27 Mart günü derneğimizin Sarıgazi temsilciliğinde “Uzayan Çalışma Saatleri, Kısalan Yaşamlar” konulu bir seminer düzenlendi. İşgününün uzaması, zorunlu tutulan mesailer ve ödenmeyen fazla mesai ücretlerinin hayatımızı cehenneme çevirmesini konu edinen bu seminerde, işçi sınıfının 1800’lü yıllardaki çalışma koşulları, 8 saatlik işgünü mücadelesi, sosyal hakların nasıl kazanıldığı, işçi sınıfının örgütsüz olduğunda ise haklarını nasıl kaybettiği anlatıldı. Seminere katılan işçi arkadaşlarımızdan sadece üçü 8 saat çalışırken, diğer arkadaşlarımız 10 hatta 12 saat çalıştıklarını ifade ettiler. Örgütlü gücü dağıtılan işçi sınıfının uzun vadede ekonomik ve sosyal haklarının patronlar eliyle nasıl gasp edildiği örneklerle anlatıldı. Seminer boyunca çarpıcı örnekler verildi, örgütlenme ve mücadele etme çağrısı yapıldı.
Günümüzde, var olan işlerin çalışabilir bütün insanlar arasında paylaşılmasıyla hem işgününün 3 saate düşürüleceğinin hem de en temel ihtiyaçların karşılanacağının altı çizildi. Seminerin ikinci yarısında işyerlerinde yaşanan sorunlara ilişkin sorulan sorular ve verilen cevaplar yer aldı. Merak edilen konulardan bazıları şöyleydi: Yasal olarak çalışma süreleri ne kadardır? İşçiler fazla mesaiye kalmak zorunda mıdır? Fazla mesai ücretini alamayan işçiler ne yapmalıdır? Bizler fazla çalıştıkça ücretlerimiz düşüyor, bunun nedeni nedir? Sorulan bu ve benzeri sorulara verilen yanıtlarla,
- Yasal çalışma süresinin 8 saat olduğunu, fazla mesailerin günde 3 saat, yılda 270 saatten çok ve işçinin rızası alınmadan olamayacağını,
- Hamile kadınların, çocukların ve ağır sanayi kollarında çalışan işçilerin fazla mesaiye bırakılamayacağını,
- Fazla mesailerimizin bordrolarımızda görünmesi gerektiğini,
- Aksi durumlarla karşılaştığımızda ise Çalışma ve Sosyal Güvenlik Bakanlığı Bölge Müdürlüklerine başvurabileceğimizi öğrendik.
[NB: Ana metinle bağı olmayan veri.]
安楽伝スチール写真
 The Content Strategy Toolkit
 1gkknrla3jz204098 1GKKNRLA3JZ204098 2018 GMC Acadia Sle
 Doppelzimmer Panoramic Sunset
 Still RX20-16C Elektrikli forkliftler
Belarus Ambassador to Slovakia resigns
Daha da önemlisi haklarımızın teminatının ancak örgütlülüğümüz olduğu dile getirildi. Evet, yasal olarak haklarımızı bilmemiz gerekiyor. Ama bunları yalnız başımıza bilmemiz ve bireysel olarak mücadele etmemiz sorunlarımızı çözmüyor. Sadece Türkiye’de değil bugün dünyanın birçok ülkesinde işçiler aynı sorunlarla boğuşuyorlar. Aldığımız düşük ücretler yüzünden elimize geçen para biraz daha artsın diye fazla mesaiye kalıyoruz. Ya da birçok işyerinde fazla mesaiye kalmak isteyip istemediğimiz sorulmuyor bile. Tek başımıza tepki gösterdiğimizde ise kapı gösteriliyor. Ancak örgütlü karşı durabilirsek haklarımızı alabiliriz ve patronlar o zaman bizlere istedikleri gibi davranamazlar. Örgütlenmek için gideceğimiz yer ise UİD-DER gibi işçi örgütleridir. Zamanımızı boşa harcamamalı, örgütlenmeliyiz. Umutsuz olmaya gerek yok. Unutmayalım, umudun aydınlığı en iyi karanlıkta parlar.